How many times have you been in a group of people, enjoying yourself immensely, and the conversation turns to politics. You sort of laugh along, or smile, or stay silent. But you realize that deep down if they knew how you felt about the subject you would no longer be welcome in the group. What if you're in a meeting in your church and the topic shifts and suddenly you're aware of just how fragile a thing it is, your acceptance within this tribe? Our sense of belonging defines us, yet it can be taken so very easily. Feeling alone, unless you want to be, is one of the scariest feelings in the world.

What if you're an Amazon (now we're getting somewhere!), and you're the baddest one on your island. Also your mom is queen. But because you were told since birth that you were formed from clay and not born, like the rest of 'em, that you don't belong. No matter how hard you try, and no matter how ably you prove that you are not only worthy enough to be among said company, but easily surpass them, you'll never be anything but "Clay" to them.

Does this resonate with you? Wow! Honestly, Wonder Woman, I'm flattered that you're reading my blog. Also the fact that you're real is frankly sending my image of reality on a bit of a tailspin so I'm going to have to breathe for a minute.

This is some real inside baseball but DC has been in the midst of some restructuring. The books I've been reading about you, Wonder Woman (still wrapping my head around this!) are in the New 52 series. Specifically volumes 1, 2, and 3 titled Blood, Guts, and Iron respectively. Now I have my reservations about the New 52 series, art-wise (New 52! We've never let a women dress or undress without capturing it!) but the writing has been just the best.

Here we have Brian Azzarello doing a real bang-up job of a Neil Gaiman-esque exploration of mythology as Wonder Woman (again. HI!) takes on Hera and all of her wandering husband Zeus' offspring as she protects a young pregnant woman from all of the forces the gods can throw at her.

Cool characters, interesting locales, super gross hell stuff. It's all here. Plus it's pretty funny sometimes. Not as funny as Batman: Harley Quinn, though. Mercy.

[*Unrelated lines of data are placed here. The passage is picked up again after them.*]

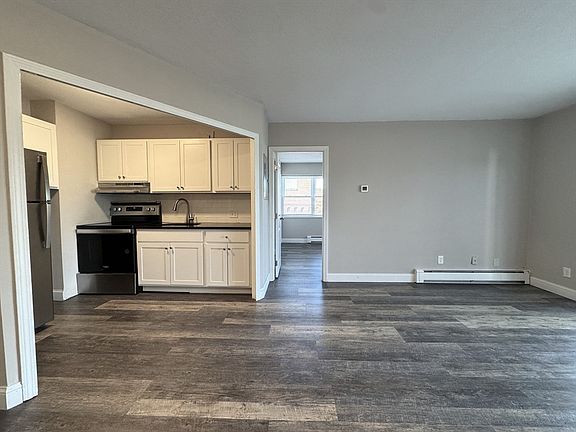 3rd image of 625 Main St #24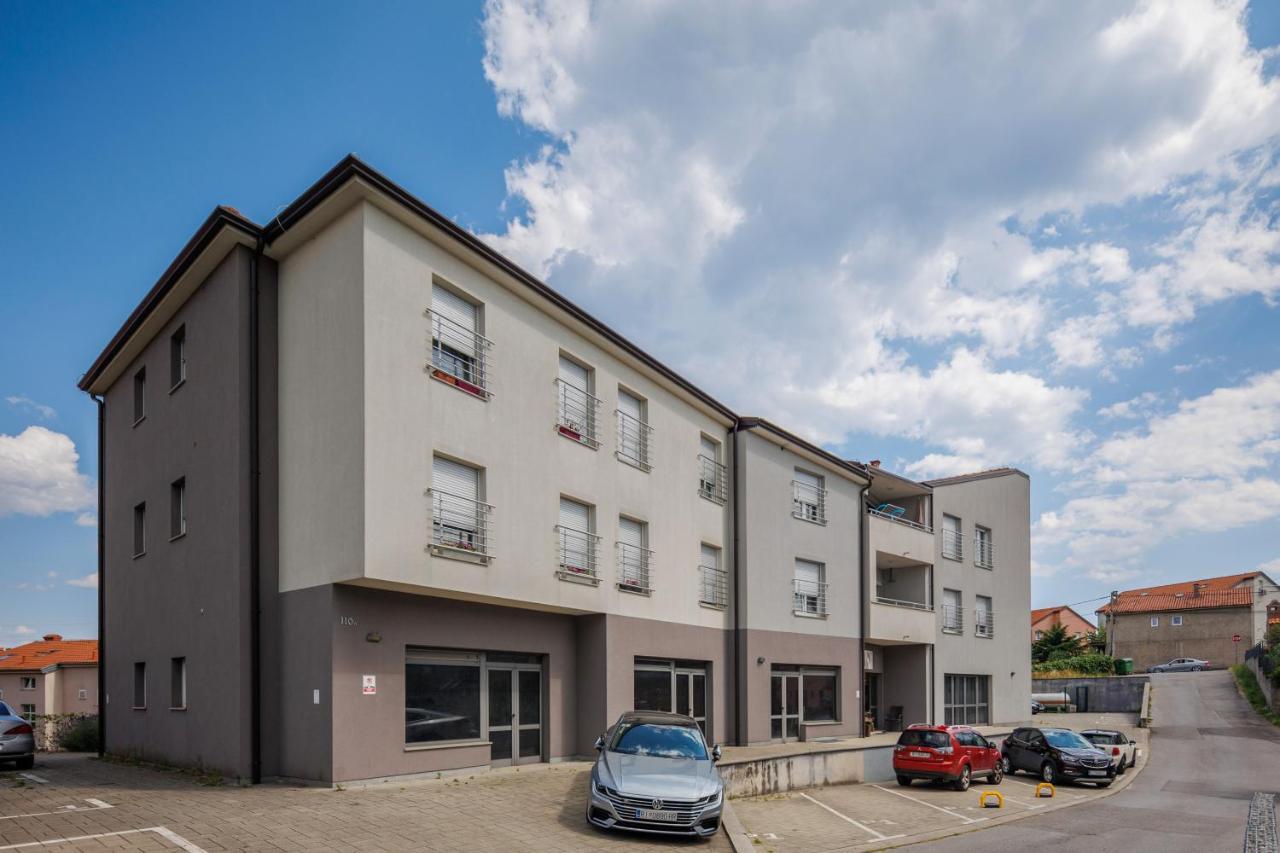 Terra 5 Deluxe Apartment On The Ground Floor With Private Parking Rijeka Luaran gambar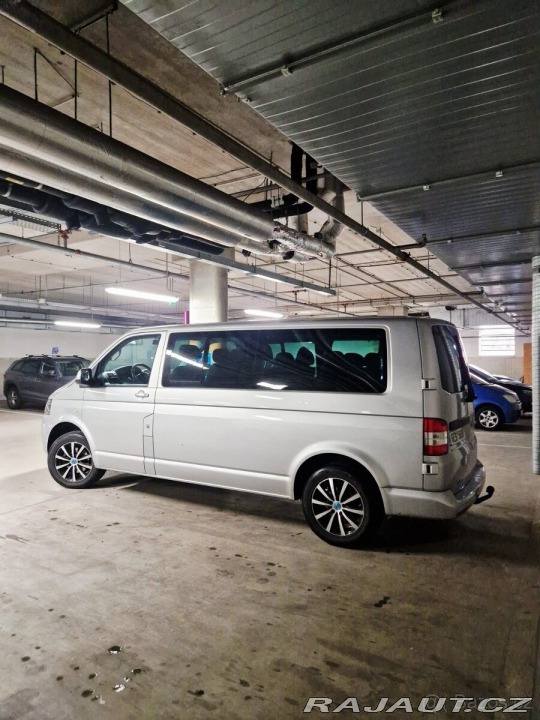 Volkswagen Caravelle 2,0   LONG 4x4, TDI, 103 2010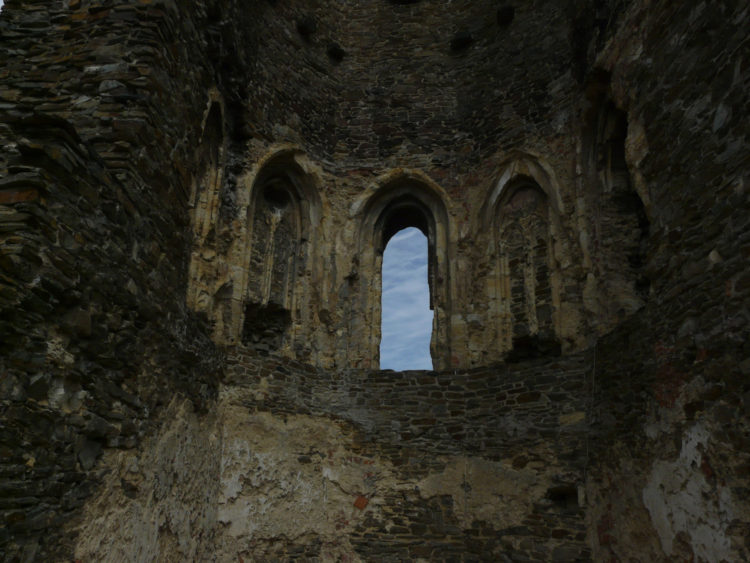 Okoř Castle, tower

Harley is the best, and this collection of stories really shows why. This book made me laugh a lot. Paul Dini (one of my favorite all time comic writers and Harley creator) works with a bunch of writers and artists telling issue-long one-off stories about Quinn and her pals. She psychoanalyzes Batman, makes bets with Poison Ivy, and generally causes mayhem.

She's sad, though. Like a sad character. Harleen Quinnzel is still in there somewhere. The one who wanted to do great and save the world before she cracked. Everyone in the Batman universe is crazy, including and especially Batman. None of them fit in and are just glad to find someone who understands them. Unfortunately sometimes understanding means you both like to blow up banks.

This is rapidly turning into the blog that won't quit, but here's some more comics to write down on a little piece of paper and put into your pocket protector or to plan your next cosplay adventure. I would be absolutely remiss if I did not tell you guys about Unbeatable Squirrel Girl and Captain Marvel and Ms. Marvel and Thor, God of War.

I don't write about every comic I read, because I read a lot of them. I'm going to say these books are special, though. And also I still have to finish Brontë's Jane Eyre and Modern Romance by Aziz Ansari before I can write another blog post.

(By the way I knew that Brontë has an umlaut but didn't know how to put it in, so I found it somewhere and copy and pasted. It's amazing that I do something that requires this much effort for free, frankly.)

In closing, I will say that tribes can be good or bad. When we feel involved and included it's amazing. There's so much we can learn from other people who are willing to share. They can be bad, though, and scary, and enforce conformity for its own sake. All of these comics are about non-conformists who do something amazing just because they know they can (also super powers doesn't hurt). If you're going to join a tribe, join Howie's Book Club. PEACE OUT.